The United States is safer today than at nearly any other point in the last 25 years.
Although crime has increased slightly in select U.S. cities in recent years, on average, crime in the U.S. has fallen precipitously since 1991, when homicide rates were 9.8 per 100,000 residents. Today, that rate has been cut in half to around five deaths for every 100,000 residents. Overall, crime in the U.S. has decreased by 64 percent since 1990.
Despite this, Donald Trump and the Republican Party have held the American public hostage for nearly three weeks as a means of forcing taxpayers to include more than $5 billion in the budget to build a wall along the U.S.-Mexico border.
In a live address to the nation Tuesday night, Trump said, “All Americans are hurt by uncontrolled illegal immigration.”
The problem is, they aren’t. The truth is, immigrants make us safer.
While multiple factors have contributed to falling crime rates, an overwhelming body of evidence demonstrates that crime in the U.S. is significantly lower in communities with relatively more immigrants. According to Christopher Lyons and his colleagues at the University of New Mexico, immigrants revitalize communities within the developed world by revamping urban communities, improving family and neighborhood ties, and jump-starting local economies.
A border wall with Mexico ― no matter who funds it ― is unlikely to improve security in the U.S.
As a corollary, our research in Mexico finds that when immigrants move to the U.S. and then subsequently return home, they have a similar crime-reducing effect within their home communities. In an article recently published in World Development, we showed how return migrants have contributed to significant reductions in violence across Mexico.
This coincides with other recent research on return migration, which shows that when migrants return home they have a positive effect on the well-being of their communities. While working abroad, migrants save money, develop new skills, improve their education and acquire social capital. If they move back home, they come back different people than they were when they left.
It’s hardly a surprise then to find that when migrants come back, they inject physical, human and social capital into their communities, where residents typically lack formal training and broad networks. The know-how that migrants acquire abroad helps them settle back into life in their home countries and has important multiplying effects within local economies. In Mexico, for example, 75 percent of return migrants become part of the economically active population, and 70 percent of them within stable areas of the formal economy. And this, in a country where the vast majority of people hold informal, part-time positions.

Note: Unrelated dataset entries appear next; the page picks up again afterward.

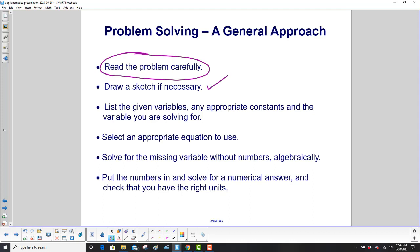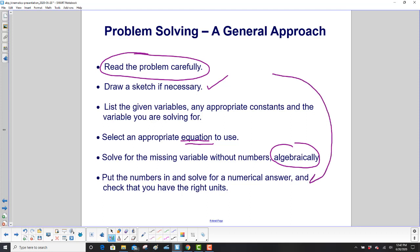List your given variables, any appropriate constants, and the variable that you're looking for. Select an appropriate equation to use. Solve for the missing variable algebraically, without numbers — numbers only go in at the very end. Then put the numbers in, solve for the numerical answer, and check that you have the right units.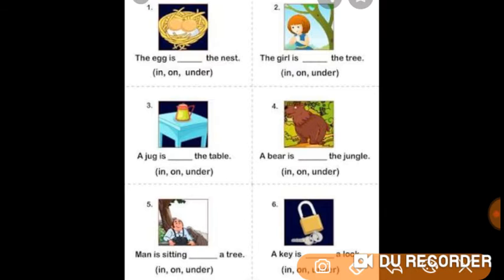Let us do an exercise here. Number 1: The egg is in the nest, on the nest, or under the nest? In this picture the egg is in the nest.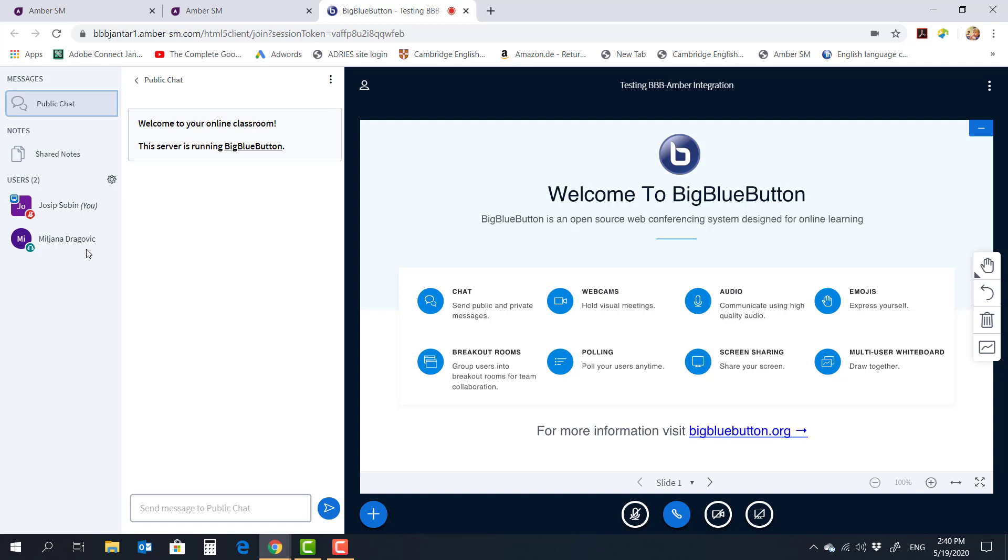At the same time, this brings added safety to the entire system as well. Because everything is run through Amber, only those people who are group members are invited into the meeting. They need to log into Amber, join the meeting, and therefore nobody from the outside can walk into your lecture. So there's no even need to create waiting rooms or anything like that because only the students from that particular group are allowed to join.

This research in Mexico contributes to a better understanding of the relationship between migration and crime in general. Although researchers typically study crime within cities and states, our study shows that transnational factors ― such as international immigration ― deeply influence how safe communities are. In a world where immigration is on the rise, policymakers and everyday citizens should find solace in our findings, which contribute to our understanding of the positive effects of immigration.

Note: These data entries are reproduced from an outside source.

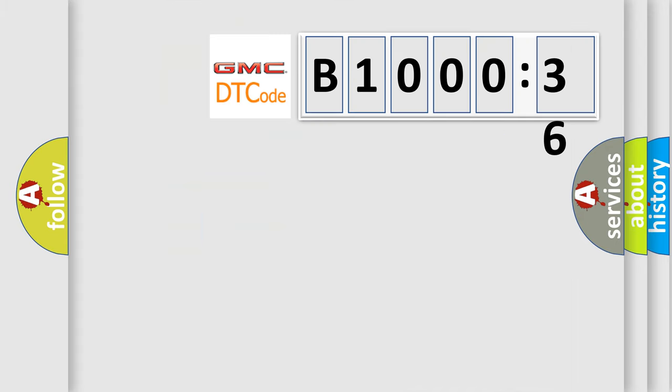So, what does the diagnostic trouble code B100036 interpret specifically for GMC car manufacturers?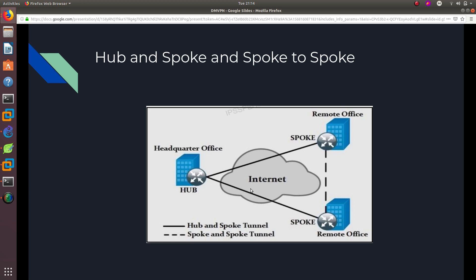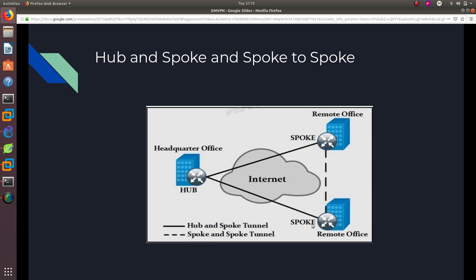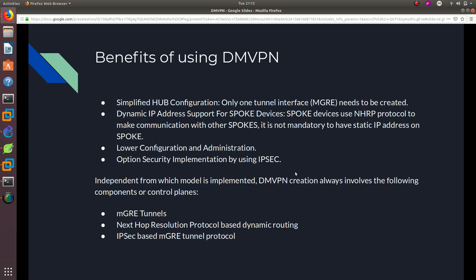Another key fact: when configuring DMVPN, spokes do not need a static public IP address — they can have a dynamic public IP address. Whenever it changes, the spoke tells the hub that its IP address has changed. The only device that needs a static public IP address is the hub, because spokes always connect to the same hub address. This saves money on the spoke side.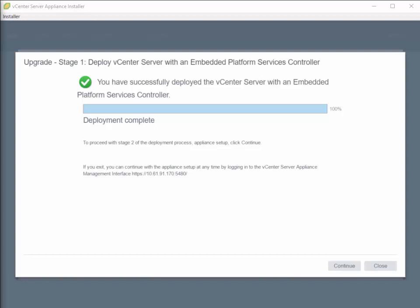In this video, we'll cover performing stage 2 of our vCenter 6.0 to 6.5 upgrade.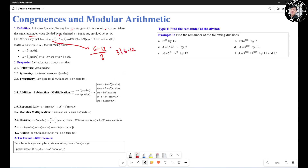Next: negative 5 congruent to 3 mod 2, which means negative 5 minus 3 is divisible by 2. Because negative 5 minus 3 is going to be negative 8, which is divisible by 2. Similarly, 29 congruent to 129 mod 100, and 153 congruent to 1 mod 13.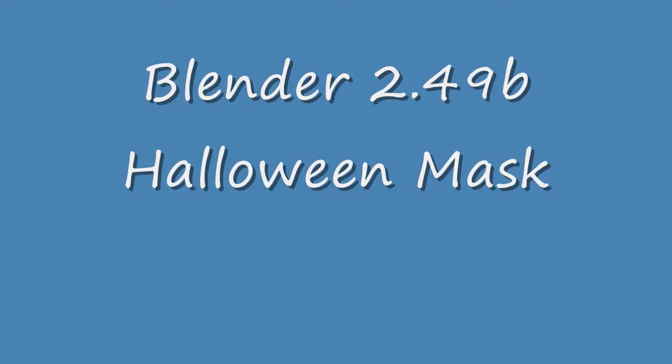The name of this video is Blender 2.49B Halloween Mask. Modeling with curves is a powerful Blender feature. Few objects in life are pure straight lines. Life continues to throw curves at us. As an example, we're going to make a Halloween mask with Bezier curves.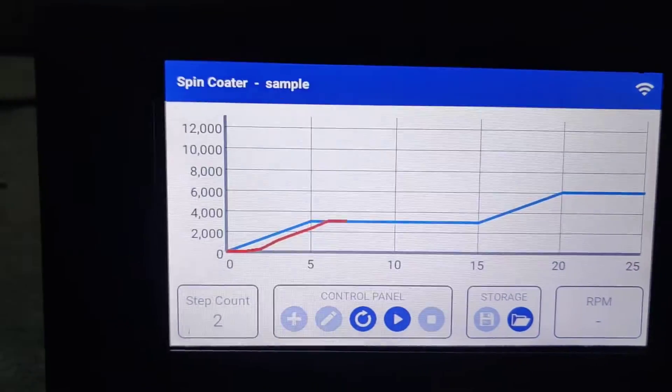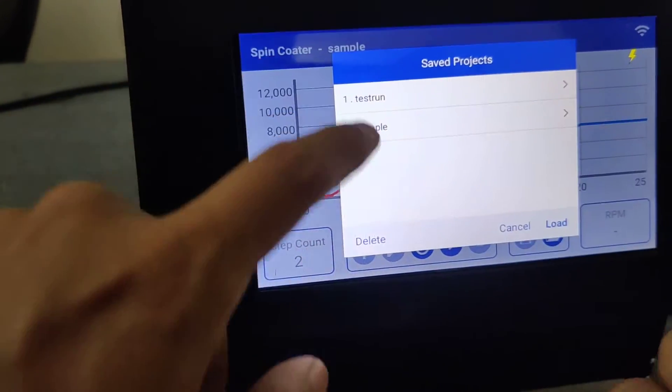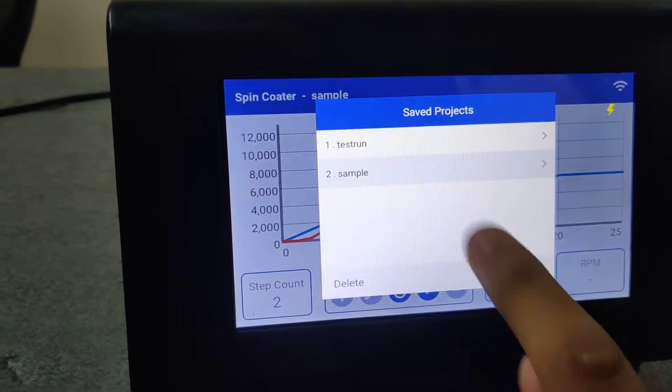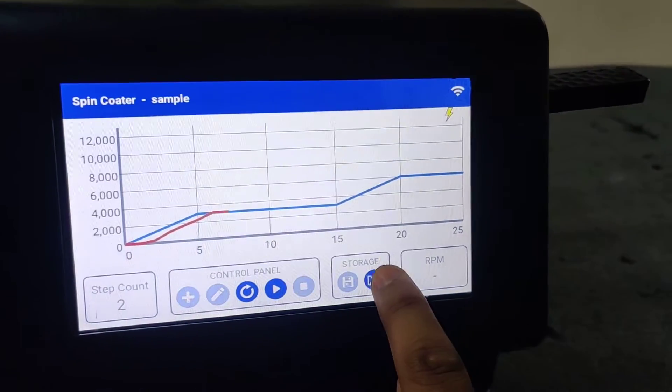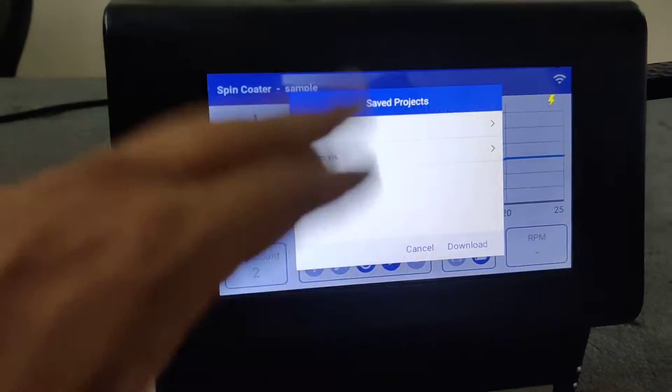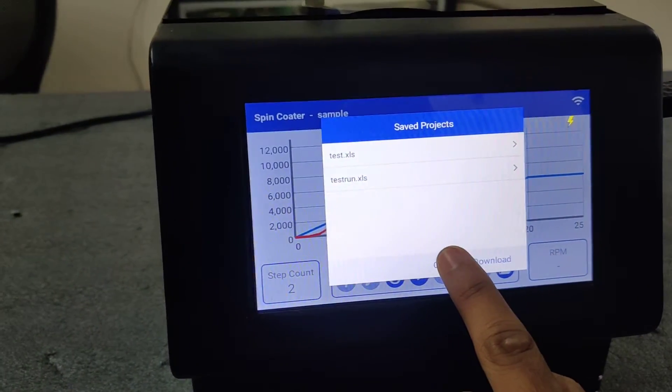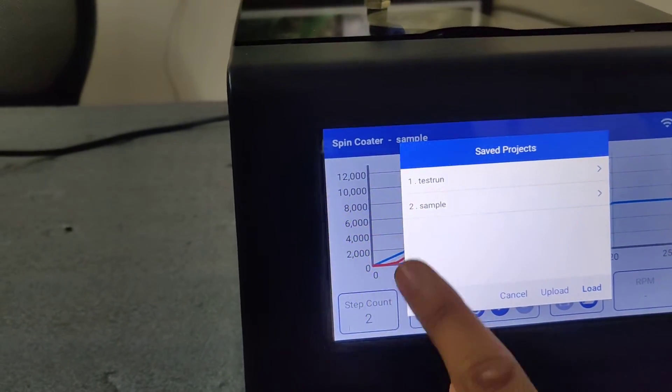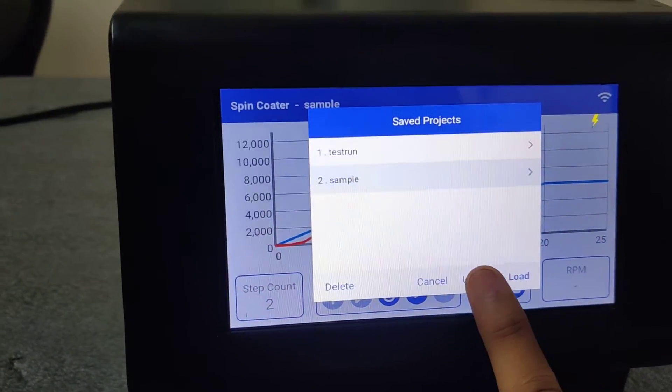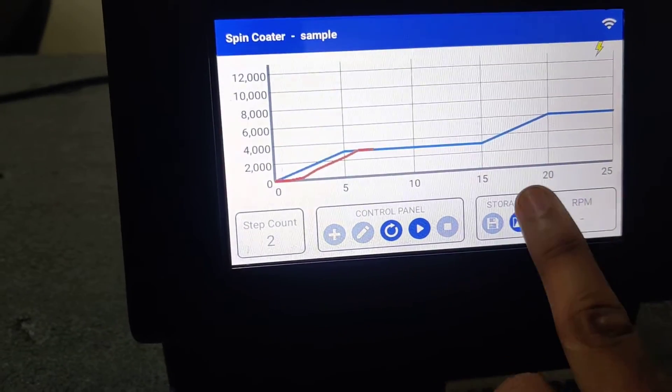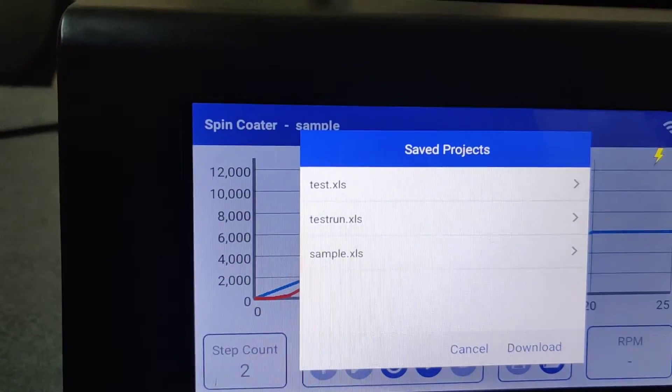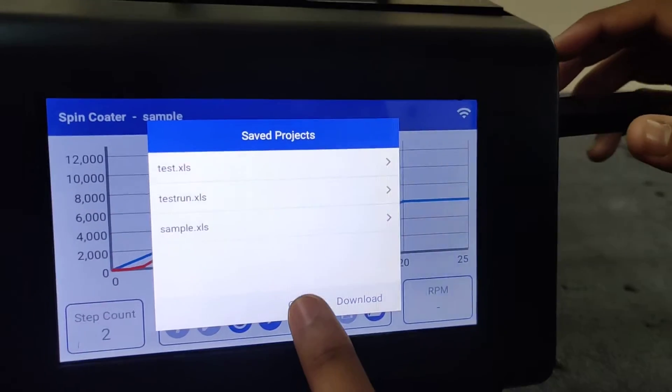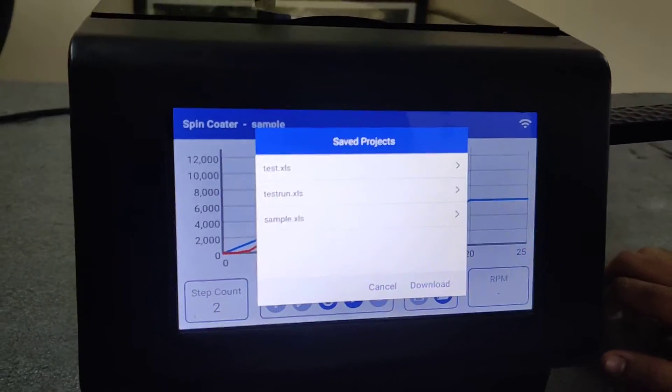Then go to folder internal. So you need to upload the sample program. Before that, we will see what is available in the external storage. External. So these are available programs in external storage. Now we cancel. Now we will upload the sample program. Upload project. Uploaded successfully. Now we go to the external sample. So it is there. So you can plug out your pen drive and use it. And it is in dot Excel as well, that means in Excel sheet you can edit those values and again plug it in the spin coater to use it.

Regarding Trump’s government shutdown and his claims of a “crisis” at the border, our work implies that a border wall with Mexico ― no matter who funds it ― is unlikely to improve security in the U.S. In fact, by continuing to deport law-abiding immigrants and discouraging immigration to the U.S. at all costs, policymakers in Washington will leave communities both in the U.S. and in Latin America worse off. This is before we even consider the fact that, as other studies have revealed, “The push to prioritize prosecuting illegal border crossers has begun to impact the capacity of federal prosecutors to enforce other federal laws.”
That is, given the abundance of evidence demonstrating net-positive effects of immigrants, coupled with our research on return migration in Mexico, we’d be handicapping ourselves both socially and economically by building a wall. And since we know that immigrants contribute to reductions in crime, keeping them out actually makes the nation less safe.
Americans need to have a more constructive conversation about the actual effects of immigration on crime. Unfortunately, this seems unlikely.
Trump’s wall has absolutely nothing to do with physical security. Rather, like all walls, the proposed border wall is about constructing a cultural barrier, not a physical one. Unless we tear down the cultural walls inside our own minds, this dispute is likely to live on beyond Trump’s presidency.
Benjamin Waddell, Ph.D., is an associate professor of sociology at Fort Lewis College in Durango, Colorado. He spent the last two years living in Managua, Nicaragua, where he researched matters related to development, international migration and crime.
Matías Fontenla is an associate professor of economics at the University of New Mexico. His research focuses on economic development with a special interest on Latin American issues.